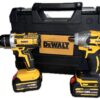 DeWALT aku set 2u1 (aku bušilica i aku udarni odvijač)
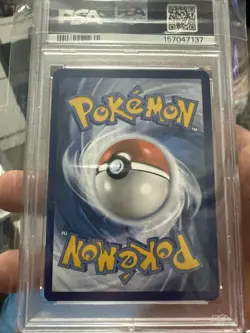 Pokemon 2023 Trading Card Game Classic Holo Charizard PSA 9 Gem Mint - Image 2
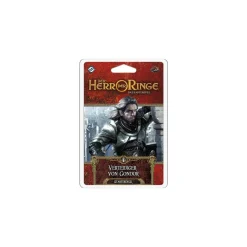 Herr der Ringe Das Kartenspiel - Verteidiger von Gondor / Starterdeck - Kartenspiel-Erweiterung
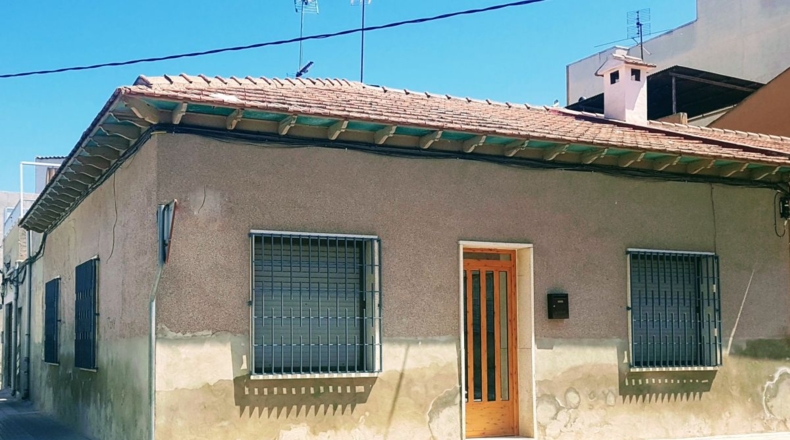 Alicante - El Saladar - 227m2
··········
▸ Task prompt: Restate the whole listing above exactly, except for its images.

▸ Solution to the problem:
 DeWALT aku set 2u1 (aku bušilica i aku udarni odvijač)
 Pokemon 2023 Trading Card Game Classic Holo Charizard PSA 9 Gem Mint - Image 2
 Herr der Ringe Das Kartenspiel - Verteidiger von Gondor / Starterdeck - Kartenspiel-Erweiterung
 Alicante - El Saladar - 227m2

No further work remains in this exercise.